クローズup PDホスピタル
腹膜透析の情報誌「スマイル」
大阪府 大阪市立総合医療センター
記事の内容、執筆者の所属等は発行当時のままです。
泌尿器科と腎臓・高血圧内科が連携して腎臓病患者をケア
同センターでは、泌尿器科と腎臓・高血圧内科が腎センターという1つのユニットを構成し腎臓病の治療に当たっています。
同センターにおける腎臓病治療について、泌尿器科副部長の浅井利大先生は「外科系である泌尿器科と内科系である腎臓・高血圧内科の連携が非常にスムーズに行われており、そのことが個々の患者さんに血液透析(HD)だけでなくPDや移植も含めて、自身にとってベストな腎代替療法を選択してもらえる環境につながっていると思います。保存期の診療は腎臓・高血圧内科で行いますが、透析や移植が必要になると、手術を行う泌尿器科がタイムリーに対応します。また、3年ほど前からは、PD導入後の外来において、泌尿器科と腎臓・高血圧内科が交互に診療する体制を取っています。そうすることで、内科、外科両方の視点から診ることができ、臨床的にも有効ではないかと考えています」と語ります。
両科の連携と『腎代替療法相談』でPDの選択が増加
年間約120名の透析導入があるという同センターでは、看護師による「腎代替療法相談」も行っています。「患者さんは、先生方から治療について説明を受けた後、詳しい説明を聞きに来られます。全ての選択肢について説明しますが、中にはPDや移植についてもっと知りたいと来られる方もいらっしゃり、70歳代以上の方でPDを選ぶケースも増えています」と紹介するのは、移植コーディネーターであり『腎代替療法相談』を担当する奥田友子さん。
写真:病棟スタッフの皆さん
実際、泌尿器科と腎臓・高血圧内科が積極的に連携するようになり、PDを選択する患者さんが増えているそうです。「従来から治療の選択肢についての説明は行われていましたが、両科が連携してPDを診療し始めたころからPDを選択する患者さんは増加し、以前は年間10名ほどだったPD導入が、昨年は約20名になりました」と浅井先生は話します。
さまざまな取り組みでPD治療を支える
こうして、PD患者さんが増えた同センターでは、訪問看護師との連携も行っています。「近隣の施設で、腹膜炎予防に大きな効果を示したと聞き、当院でも訪問看護師との連携を始めました。実際、早めに問題を発見できるため、対応の遅れが避けられます。現在は、PDを開始する全患者さんに利用を勧めていますが、特に高齢の患者さんでは、自宅での治療が不安な方や、家族に迷惑をかけたくないと思っている方も多いので、PD選択時の不安軽減にもつながっているようです」(浅井先生)。また、奥田さんは「高齢の患者さんでは手技や機械操作の習得が課題となることがあります。そこで、PDを希望される方には、療法選択の段階から、より時間をかけて説明し、患者さんの状況を把握して、入院病棟と連携したいと考えています。例えば、機械の操作は大丈夫そうだけどプライミングが難しそう、といったように具体的に伝えることで、より分かりやすい指導につながるのではないかと思っています」と、以前、病棟で導入時の患者さんと接していた経験を生かし、増加する高齢患者さんへの対策を検討しています。その他、他科の病棟にPD患者さんが入院することも想定して、看護師を対象に勉強会を開催したり、近隣施設からカテーテル挿入やトラブル時の対応を受け入れたりと、センター内はもとより、地域のPD治療を支えるさまざまな取り組みが行われています。

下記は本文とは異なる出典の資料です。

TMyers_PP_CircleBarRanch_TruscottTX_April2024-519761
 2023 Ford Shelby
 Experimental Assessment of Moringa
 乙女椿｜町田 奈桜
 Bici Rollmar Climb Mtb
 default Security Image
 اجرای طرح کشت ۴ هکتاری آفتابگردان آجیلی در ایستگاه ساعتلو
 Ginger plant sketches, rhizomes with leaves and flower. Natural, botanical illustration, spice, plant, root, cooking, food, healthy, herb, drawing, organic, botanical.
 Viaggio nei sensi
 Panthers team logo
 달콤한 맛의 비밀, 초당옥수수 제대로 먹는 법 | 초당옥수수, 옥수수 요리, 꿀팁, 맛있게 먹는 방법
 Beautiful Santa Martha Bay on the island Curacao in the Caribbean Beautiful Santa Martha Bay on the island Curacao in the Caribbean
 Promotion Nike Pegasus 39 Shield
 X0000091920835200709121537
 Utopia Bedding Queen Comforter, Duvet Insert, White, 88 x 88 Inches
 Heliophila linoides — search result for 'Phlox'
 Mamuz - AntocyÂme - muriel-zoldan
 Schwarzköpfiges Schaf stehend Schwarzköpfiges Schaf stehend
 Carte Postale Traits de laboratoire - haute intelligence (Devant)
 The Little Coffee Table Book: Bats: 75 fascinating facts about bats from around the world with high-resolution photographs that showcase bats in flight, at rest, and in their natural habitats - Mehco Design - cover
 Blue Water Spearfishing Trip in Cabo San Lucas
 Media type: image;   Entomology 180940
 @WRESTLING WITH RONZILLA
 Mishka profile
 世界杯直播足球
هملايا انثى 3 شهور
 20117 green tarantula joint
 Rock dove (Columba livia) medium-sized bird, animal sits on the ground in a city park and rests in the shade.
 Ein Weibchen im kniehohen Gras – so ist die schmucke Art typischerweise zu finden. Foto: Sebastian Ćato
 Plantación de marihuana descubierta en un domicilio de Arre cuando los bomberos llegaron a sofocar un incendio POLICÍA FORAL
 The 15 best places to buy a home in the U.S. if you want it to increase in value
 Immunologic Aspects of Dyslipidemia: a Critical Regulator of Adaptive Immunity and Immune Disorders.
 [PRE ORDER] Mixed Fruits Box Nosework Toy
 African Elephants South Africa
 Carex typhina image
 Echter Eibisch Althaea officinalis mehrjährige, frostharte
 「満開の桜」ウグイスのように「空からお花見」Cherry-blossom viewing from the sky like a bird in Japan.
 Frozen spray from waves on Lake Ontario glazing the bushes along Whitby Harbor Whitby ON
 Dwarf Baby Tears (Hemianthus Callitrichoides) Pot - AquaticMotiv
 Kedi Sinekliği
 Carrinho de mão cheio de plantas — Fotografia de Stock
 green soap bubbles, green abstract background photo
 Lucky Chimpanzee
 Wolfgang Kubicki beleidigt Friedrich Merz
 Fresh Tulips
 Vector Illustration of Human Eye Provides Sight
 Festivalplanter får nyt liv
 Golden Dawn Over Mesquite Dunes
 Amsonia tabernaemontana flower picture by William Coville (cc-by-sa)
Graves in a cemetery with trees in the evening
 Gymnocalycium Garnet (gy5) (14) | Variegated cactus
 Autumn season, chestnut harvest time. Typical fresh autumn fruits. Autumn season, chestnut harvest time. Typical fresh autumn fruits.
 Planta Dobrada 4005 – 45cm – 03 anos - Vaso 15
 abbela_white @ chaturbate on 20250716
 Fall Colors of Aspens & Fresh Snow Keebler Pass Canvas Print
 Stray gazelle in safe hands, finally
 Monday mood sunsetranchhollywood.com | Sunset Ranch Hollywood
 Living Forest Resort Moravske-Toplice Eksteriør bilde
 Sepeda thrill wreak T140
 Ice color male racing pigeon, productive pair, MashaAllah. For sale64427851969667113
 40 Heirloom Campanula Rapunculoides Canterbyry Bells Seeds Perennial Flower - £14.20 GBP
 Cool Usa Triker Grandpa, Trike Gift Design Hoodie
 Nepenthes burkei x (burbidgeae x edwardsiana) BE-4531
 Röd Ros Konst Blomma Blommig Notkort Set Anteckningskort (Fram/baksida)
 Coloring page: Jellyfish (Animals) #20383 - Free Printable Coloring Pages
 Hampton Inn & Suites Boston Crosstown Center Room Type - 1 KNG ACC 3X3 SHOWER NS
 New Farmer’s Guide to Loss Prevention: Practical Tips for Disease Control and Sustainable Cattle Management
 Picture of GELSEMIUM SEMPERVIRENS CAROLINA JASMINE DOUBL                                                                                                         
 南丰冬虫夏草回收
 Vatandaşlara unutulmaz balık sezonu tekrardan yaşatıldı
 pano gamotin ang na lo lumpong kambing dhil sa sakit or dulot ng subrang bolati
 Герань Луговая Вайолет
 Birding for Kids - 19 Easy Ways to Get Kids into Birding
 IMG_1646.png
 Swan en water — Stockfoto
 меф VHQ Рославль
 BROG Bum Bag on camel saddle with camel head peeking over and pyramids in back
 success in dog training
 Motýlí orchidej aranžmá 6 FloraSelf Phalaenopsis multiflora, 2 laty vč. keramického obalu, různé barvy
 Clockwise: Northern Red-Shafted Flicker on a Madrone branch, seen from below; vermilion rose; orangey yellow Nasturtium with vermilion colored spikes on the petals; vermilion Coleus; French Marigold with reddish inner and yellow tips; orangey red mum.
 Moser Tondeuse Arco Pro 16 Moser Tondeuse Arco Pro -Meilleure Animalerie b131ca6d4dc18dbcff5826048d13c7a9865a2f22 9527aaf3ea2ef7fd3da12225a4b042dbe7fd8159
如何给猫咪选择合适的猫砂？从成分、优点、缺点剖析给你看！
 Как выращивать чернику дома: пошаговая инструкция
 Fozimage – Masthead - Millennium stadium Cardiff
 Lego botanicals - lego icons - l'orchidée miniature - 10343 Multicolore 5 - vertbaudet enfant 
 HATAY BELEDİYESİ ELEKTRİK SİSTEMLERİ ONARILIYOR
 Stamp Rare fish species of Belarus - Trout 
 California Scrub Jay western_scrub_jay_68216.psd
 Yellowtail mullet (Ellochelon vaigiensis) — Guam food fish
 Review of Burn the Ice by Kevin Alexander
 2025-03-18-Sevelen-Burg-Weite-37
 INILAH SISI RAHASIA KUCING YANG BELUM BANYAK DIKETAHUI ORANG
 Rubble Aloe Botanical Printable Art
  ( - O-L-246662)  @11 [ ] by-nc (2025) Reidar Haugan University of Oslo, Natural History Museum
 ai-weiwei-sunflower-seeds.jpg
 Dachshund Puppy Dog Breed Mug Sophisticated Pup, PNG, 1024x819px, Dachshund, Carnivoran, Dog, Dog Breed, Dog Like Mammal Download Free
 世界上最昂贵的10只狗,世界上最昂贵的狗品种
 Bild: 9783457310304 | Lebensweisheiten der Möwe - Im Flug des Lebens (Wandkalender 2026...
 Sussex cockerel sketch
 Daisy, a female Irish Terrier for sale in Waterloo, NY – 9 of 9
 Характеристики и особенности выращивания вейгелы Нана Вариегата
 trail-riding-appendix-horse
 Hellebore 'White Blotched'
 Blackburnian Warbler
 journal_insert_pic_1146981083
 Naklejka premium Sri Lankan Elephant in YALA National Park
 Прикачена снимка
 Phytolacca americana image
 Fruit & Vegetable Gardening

「 PD患者さんは、元気でQOLが高い方が多いと感じている」と話す浅井先生からは、「PDは患者さん自身が主体の治療です。腹膜炎や水分制限、食事に気を付けて、残腎機能をできるだけ維持し、PDを少しでも長く続けられることを願っています」と、また、奥田さんからも「PDを選択し、ご夫婦で充実した老後を送られているケースもあります。安心してPDライフが過ごせるよう私たちもお手伝いします」と心強い言葉をいただきました。